Another bright spot was Janella Hinds, who told us she was meeting with DOE to bring back Regents grading to high schools. Visiting other schools has been disastrous for lots of my members, and our administration, among others, has tried scheduling midterms exams and even classes during January Regents week, with miserable results. It’s ridiculous that the Board of Regents doesn’t trust us to grade our students, something we do all the time. It’s even more ridiculous that the city doesn’t trust us to grade students in our buildings, and spends millions that could be used to reduce class sizes to pay us for what used to be part of our job.

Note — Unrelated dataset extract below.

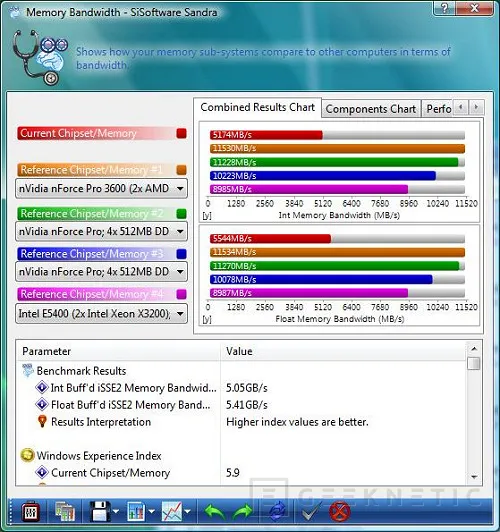 Geeknetic Intel Skulltrail 4GHz Vs. Core 2 Quad QX9770 4.8GHz 26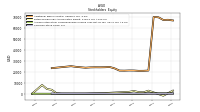 Accumulated Other Comprehensive Income Loss Net Of Tax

I’m afraid I was less enthusiastic when Schoor suggested that Michael Mulgrew was solely responsible for the CPE 1 victory. I don’t mean to diminish Mulgrew’s role in this. He may have worked a lot for it. But it’s outrageous to ignore the contributions of CPE 1 faculty, parents and community. They came together, stayed together no matter what, reached out for help everywhere and anywhere they could, and didn’t give up when the odds were against them. I also have to say that we in the high school exec. board supported them in every way we could.
This notwithstanding, it’s not really good policy to attach all success to one single person. Was Mulgrew solely responsible for the atrocity of Moskowitz moving in to JHS 145? I’d argue no, he wasn’t. But if you’re going to singlehandedly take responsibility for success, you also have to shoulder defeat. We are union. Theoretically, at least, we stand together as one. We share responsibility both in success and failure. The Unity MO, taking 100% credit for success and zero responsibility for failure, is preposterous and unsustainable. We rise and fall together, that’s the most fundamental concept of union, and that’s why we need to work together for our common goals.

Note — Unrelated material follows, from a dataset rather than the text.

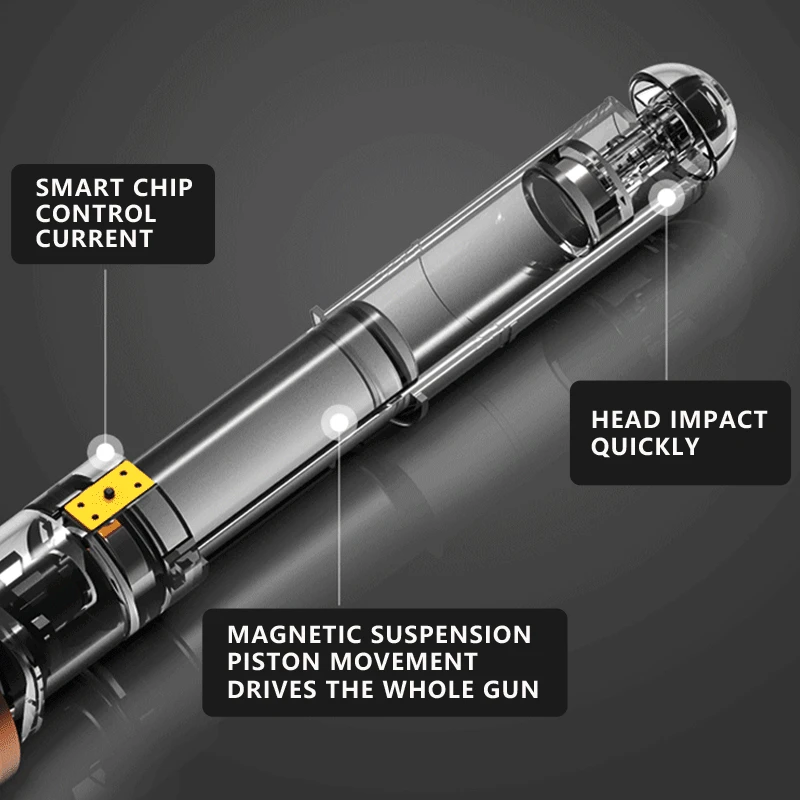 Лучший Телескопический Фаллоимитатор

Sadly, that’s not how leadership sees things. The next major item on our agenda was a resolution to support our struggling brother and sister teachers in Puerto Rico. Of course I support that idea, along with our entire high school exec. board. I spoke in favor of it. But I didn’t feel qualified to do so until I did a little research. I asked my friend Aixa Rodriguez what I could say and she put me in touch with Mercedes Martinez, President of the Federacion de Maestros de Puerto Rico. The situation sounded pretty dire. Based on what she told me. here’s what I said:
If we’re gonna be public school proud it means standing up not only for ourselves, but also for our friends and neighbors. I spoke to Mercedes Martinez, President of the Federacion de Maestros de Puerto Rico, who tells me another few hundred schools are to be closed to raise millions of dollars to pay the criminal loan sharks who’ve purchased the debt. Tens of thousands of teachers are facing pension loss, and also furloughs which will mean immediate cuts in salary. In Puerto Rico, vulture capitalists have converted human misery into a financial bonanza.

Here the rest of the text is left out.